**Task item**
Each line below from the line with "Spiny Oyster Turquoise" to the line with "AK Mädchen, freche Ziege und Osterhase" must be copied exactly, including those two, and no picture may appear in the copy.

+++ Given data

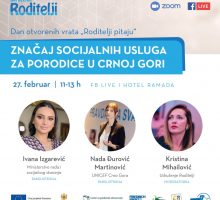 U ponedjeljak o značaju socijalnih usluga za porodice u Crnoj Gori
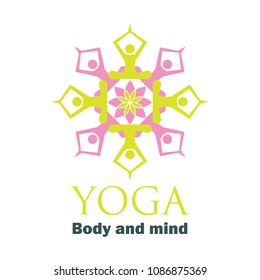 yoga logo with text space for your slogan / tagline, vector illustration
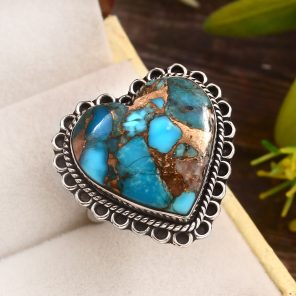 Spiny Oyster Turquoise Size US 9 925 Sterling Silver Ring (REXT37-93)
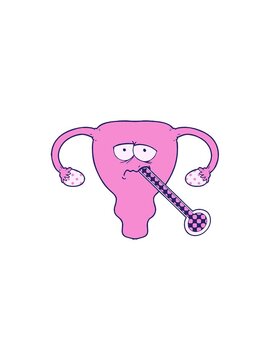 starburst effect animation of cartoon poorly uterus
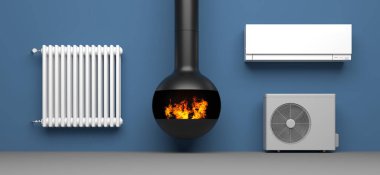 a lot of several heater - 3D Illustration clipart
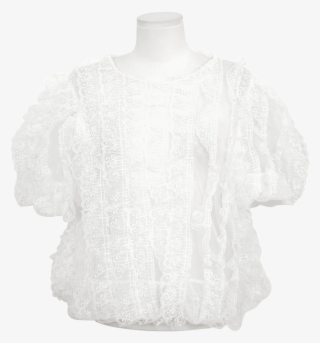 Scalloped Lace Trim Puff Sleeve Sheer Blouse By Stylenanda - Lace #7812214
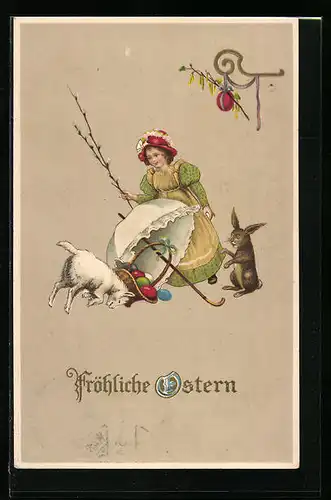 AK Mädchen, freche Ziege und Osterhase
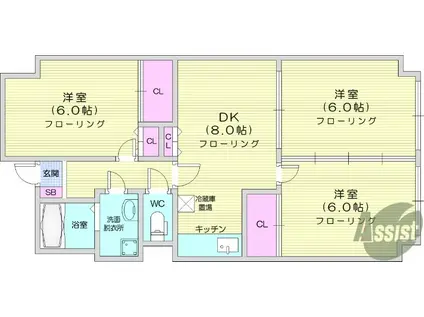 パークサイドビル(3DK/6階)の間取り写真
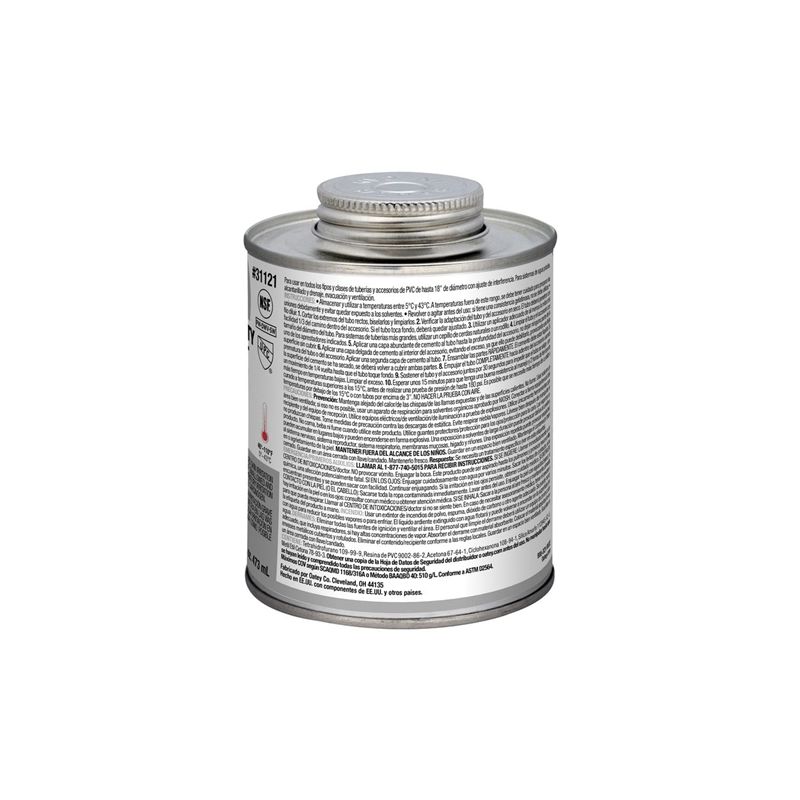 Oatey 31121 Solvent Cement, 16 oz Can, Liquid, Gray Gray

++++++

**Exercise answer**
 Spiny Oyster Turquoise Size US 9 925 Sterling Silver Ring (REXT37-93)
 starburst effect animation of cartoon poorly uterus
 a lot of several heater - 3D Illustration clipart
 Scalloped Lace Trim Puff Sleeve Sheer Blouse By Stylenanda - Lace #7812214
 AK Mädchen, freche Ziege und Osterhase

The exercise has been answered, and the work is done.